Самым трудным был и остался вопрос: в какой промежуток времени будет достигнут результат подводной войны? Штаб-адмиралтейство могло дать только очень неопределенный ответ. Но по его самым осторожным расчетам оценка положения была настолько для нас благоприятна, что я был готов применить это новое средство борьбы, совершенно игнорируя опасность возбудить против себя новых противников. Но если бы флот настаивал еще сильнее, все же политическая и военная обстановка осенью 1916 г. заставляла нас отложить начало широкой подводной войны, чтобы при нашем тяжелом военном положении не стать лицом к лицу с новыми противниками. Во всяком случае мы должны были выждать благоприятного завершения румынского похода. Если он удастся, то мы будем располагать достаточными силами, чтобы удержать какое-либо нейтральное государство от вступления в ряды наших противников, как бы ни усиливала Англия свое экономическое давление на них. К соображениям военным присоединились и политические. Мы не хотим думать об усиленном применении подводного флота, пока не будет ясен результат нашего мирного шага.

Когда, однако, этот мирный шаг был отвергнут, для меня оставались в силе только военные соображения. Наше военное положение, в особенности в Румынии, в конце декабря позволяло, по моему убеждению, широко применить радикальное средство.

9 января 1917 года последовал утвердительный ответ нашего высшего военачальника на представленное государственным канцлером Бетманом предложение штаб-адмиралтейства и генерального штаба. Никто из нас не сомневался в трудности этого серьезного шага.

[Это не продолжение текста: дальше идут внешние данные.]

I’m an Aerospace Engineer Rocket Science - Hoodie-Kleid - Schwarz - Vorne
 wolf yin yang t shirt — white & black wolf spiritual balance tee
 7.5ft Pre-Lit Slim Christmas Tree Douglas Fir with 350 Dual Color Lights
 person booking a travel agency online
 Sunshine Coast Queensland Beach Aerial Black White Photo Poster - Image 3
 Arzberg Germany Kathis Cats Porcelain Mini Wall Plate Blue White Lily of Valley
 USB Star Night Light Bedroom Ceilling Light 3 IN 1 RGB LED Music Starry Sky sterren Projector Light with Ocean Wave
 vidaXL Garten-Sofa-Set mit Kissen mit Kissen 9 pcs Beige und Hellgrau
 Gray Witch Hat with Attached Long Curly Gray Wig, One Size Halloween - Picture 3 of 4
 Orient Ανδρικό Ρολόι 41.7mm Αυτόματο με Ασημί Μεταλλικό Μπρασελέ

Ввиду рокового для нас исхода войны, считали, что мы прибегли к широкой подводной войне, как к игре ва-банк. Таким путем хотели лишить это наше решение политического, военного и морального значения. Рассуждая таким образом, забывают, что почти все решительные шаги — и даже не только те, которые принимаются во время войны, — связаны с большим риском. Величие какого-нибудь дела главным образом и заключается в величине ставки. Если полководец ведет в бой свои последние резервы, то он совершает только то, что в праве требовать он него родина, то есть онемело берет на себя полную ответственность за последний решительный шаг, без которого не может быть достигнута победа. Вождь, который не может или не хочет рискнуть последними силами ради успеха, — совершает преступление перед своим народом. Если ему не удастся нанести удар, тогда, конечно, на него обрушатся проклятия и насмешки слабых и трусливых. Такова вообще судьба солдата. Она была бы лишена всякого величия, если бы была построена на точных вычислениях и если бы завоевание лавров не зависело от смелости и решимости. Выработать эту смелость было целью немецкого военного воспитания. Оно могло бы при этом указать на величайшие примеры, какие дает история всех народов. Была ли когда-либо сделана более сильная ставка на последние силы, чем это отважился сделать великий государь при Лейте, спасая тем отечество и его будущее? Разве не считали правильным решение Наполеона I, когда он при Belle Alliance поставил на карту последние батальоны, чтобы затем, как говорит Клаузевиц, бедным, как нищий, исчезнуть с поля битвы? Если бы против корсиканца не стоял Блюхер, он победил бы, и мировая история пошла бы иным путем. А с другой стороны, разве прославленный маршал в этом решительном бою не проявил чрезвычайной отваги? Послушаем, что об этом говорит один из наших злейших противников: «Самый прекрасный маневр, какой я когда-либо видел, — это дело старика Блюхера. Он был сброшен на землю, подмят лошадьми, однако поднялся весь в пыли, набросился на своих побежденных солдат, остановил их бегство и от поражения при Линьи повел их к триумфу при Ватерлоо».